• _Records shown_
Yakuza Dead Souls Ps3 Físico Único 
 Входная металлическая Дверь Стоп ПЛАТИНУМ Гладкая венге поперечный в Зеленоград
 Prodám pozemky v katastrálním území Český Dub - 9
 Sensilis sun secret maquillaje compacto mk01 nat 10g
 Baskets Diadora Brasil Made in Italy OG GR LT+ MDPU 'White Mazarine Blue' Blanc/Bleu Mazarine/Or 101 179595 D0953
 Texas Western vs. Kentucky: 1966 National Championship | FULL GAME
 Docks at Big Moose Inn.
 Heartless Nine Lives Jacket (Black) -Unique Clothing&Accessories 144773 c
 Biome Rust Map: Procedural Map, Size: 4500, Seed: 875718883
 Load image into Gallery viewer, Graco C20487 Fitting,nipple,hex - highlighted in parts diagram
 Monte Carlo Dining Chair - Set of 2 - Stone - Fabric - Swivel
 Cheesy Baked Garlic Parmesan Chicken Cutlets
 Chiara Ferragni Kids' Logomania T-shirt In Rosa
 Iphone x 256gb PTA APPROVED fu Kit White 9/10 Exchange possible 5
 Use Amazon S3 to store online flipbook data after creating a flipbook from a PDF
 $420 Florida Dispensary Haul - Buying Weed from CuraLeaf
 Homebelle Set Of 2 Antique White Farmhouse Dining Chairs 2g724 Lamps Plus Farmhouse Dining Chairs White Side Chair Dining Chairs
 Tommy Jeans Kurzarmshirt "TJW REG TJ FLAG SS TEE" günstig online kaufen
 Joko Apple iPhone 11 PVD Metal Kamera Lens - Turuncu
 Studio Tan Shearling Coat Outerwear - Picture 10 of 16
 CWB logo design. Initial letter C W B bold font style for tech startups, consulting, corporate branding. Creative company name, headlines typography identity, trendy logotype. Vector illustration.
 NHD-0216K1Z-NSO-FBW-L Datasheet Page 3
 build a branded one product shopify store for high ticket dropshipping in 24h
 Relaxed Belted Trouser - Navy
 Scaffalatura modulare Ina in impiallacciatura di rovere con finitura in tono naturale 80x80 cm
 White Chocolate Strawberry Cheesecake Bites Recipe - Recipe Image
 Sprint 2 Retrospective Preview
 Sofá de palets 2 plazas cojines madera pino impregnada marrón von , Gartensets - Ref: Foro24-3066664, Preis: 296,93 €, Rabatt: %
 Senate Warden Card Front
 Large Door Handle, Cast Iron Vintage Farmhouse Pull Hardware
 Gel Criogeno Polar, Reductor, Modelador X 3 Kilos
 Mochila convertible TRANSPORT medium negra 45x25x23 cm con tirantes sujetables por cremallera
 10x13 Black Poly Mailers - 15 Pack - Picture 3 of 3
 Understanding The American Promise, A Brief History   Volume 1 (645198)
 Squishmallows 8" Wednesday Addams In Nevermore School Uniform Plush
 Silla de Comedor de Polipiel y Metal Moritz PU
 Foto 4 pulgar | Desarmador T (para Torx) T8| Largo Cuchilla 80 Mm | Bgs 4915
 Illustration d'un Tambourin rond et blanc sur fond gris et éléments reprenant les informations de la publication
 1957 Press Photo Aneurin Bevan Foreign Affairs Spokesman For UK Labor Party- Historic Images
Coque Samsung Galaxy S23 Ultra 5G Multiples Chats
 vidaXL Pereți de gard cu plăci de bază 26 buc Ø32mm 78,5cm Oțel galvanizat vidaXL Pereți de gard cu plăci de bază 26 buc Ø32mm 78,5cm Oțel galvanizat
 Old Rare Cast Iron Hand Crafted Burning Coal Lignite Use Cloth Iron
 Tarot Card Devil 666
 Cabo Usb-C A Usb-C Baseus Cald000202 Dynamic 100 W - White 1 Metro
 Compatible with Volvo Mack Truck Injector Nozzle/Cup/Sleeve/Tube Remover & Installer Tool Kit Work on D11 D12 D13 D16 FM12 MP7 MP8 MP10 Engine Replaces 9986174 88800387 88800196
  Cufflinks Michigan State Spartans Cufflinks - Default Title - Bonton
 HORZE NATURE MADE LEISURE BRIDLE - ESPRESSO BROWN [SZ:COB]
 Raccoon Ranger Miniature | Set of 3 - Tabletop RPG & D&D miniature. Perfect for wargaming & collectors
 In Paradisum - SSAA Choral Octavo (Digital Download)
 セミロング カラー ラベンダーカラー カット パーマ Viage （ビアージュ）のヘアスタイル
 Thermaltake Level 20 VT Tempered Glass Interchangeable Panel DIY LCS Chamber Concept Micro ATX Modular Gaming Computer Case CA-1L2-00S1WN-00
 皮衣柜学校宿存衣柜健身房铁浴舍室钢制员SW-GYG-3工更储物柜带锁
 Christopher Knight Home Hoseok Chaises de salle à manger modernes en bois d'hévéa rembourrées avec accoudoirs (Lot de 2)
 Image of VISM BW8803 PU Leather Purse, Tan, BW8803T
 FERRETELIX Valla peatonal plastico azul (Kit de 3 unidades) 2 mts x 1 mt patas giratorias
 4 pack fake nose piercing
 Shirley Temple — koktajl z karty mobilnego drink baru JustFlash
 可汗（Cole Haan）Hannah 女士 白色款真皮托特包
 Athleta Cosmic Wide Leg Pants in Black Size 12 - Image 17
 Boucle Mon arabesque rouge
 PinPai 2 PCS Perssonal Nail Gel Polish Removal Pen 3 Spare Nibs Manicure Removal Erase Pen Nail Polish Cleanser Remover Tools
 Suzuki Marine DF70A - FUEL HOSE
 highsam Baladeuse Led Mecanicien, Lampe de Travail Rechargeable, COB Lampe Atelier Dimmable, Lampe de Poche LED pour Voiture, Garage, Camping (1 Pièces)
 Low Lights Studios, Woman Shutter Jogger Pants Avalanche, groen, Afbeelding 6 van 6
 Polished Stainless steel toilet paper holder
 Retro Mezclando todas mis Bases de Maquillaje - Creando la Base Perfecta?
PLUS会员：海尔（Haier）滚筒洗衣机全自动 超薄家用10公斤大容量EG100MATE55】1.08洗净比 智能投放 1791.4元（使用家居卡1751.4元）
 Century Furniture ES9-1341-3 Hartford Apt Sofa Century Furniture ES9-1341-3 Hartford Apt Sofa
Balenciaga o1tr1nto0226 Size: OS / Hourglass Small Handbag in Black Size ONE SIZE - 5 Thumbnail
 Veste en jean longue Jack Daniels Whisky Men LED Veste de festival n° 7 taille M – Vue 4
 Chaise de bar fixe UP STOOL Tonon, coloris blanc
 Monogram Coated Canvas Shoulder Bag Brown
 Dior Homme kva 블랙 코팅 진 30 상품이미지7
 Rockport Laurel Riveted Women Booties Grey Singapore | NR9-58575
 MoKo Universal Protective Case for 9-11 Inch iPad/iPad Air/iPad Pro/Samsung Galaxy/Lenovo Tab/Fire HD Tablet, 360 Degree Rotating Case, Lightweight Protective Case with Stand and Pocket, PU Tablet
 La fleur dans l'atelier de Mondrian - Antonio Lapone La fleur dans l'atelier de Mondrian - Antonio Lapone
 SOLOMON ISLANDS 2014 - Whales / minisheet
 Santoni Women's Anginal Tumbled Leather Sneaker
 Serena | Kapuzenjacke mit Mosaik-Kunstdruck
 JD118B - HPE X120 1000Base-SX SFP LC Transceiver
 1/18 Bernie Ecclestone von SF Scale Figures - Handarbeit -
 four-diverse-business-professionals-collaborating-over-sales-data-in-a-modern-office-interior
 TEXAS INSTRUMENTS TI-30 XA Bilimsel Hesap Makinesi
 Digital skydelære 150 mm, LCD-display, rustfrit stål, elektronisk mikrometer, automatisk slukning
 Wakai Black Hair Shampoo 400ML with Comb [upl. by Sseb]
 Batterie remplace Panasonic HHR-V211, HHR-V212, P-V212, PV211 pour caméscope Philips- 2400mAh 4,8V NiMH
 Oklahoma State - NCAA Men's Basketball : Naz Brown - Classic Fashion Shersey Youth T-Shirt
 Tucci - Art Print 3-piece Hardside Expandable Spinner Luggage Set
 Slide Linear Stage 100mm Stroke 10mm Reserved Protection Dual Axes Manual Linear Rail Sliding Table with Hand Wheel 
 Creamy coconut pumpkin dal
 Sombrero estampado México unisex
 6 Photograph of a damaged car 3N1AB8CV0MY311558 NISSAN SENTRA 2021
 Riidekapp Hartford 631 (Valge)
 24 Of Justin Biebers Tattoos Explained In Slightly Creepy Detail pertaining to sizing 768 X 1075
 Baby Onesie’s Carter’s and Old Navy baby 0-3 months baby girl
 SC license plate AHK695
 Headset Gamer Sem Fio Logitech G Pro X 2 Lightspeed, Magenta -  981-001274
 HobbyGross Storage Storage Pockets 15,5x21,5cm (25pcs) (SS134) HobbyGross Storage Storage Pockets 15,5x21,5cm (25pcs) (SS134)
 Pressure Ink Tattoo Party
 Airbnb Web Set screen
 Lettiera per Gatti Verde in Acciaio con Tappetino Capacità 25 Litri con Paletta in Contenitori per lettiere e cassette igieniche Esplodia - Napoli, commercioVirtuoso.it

• _Activity_
This task calls for each line of the material that contains "Navy".

• _Exercise answer_
 Relaxed Belted Trouser - Navy
 Baby Onesie’s Carter’s and Old Navy baby 0-3 months baby girl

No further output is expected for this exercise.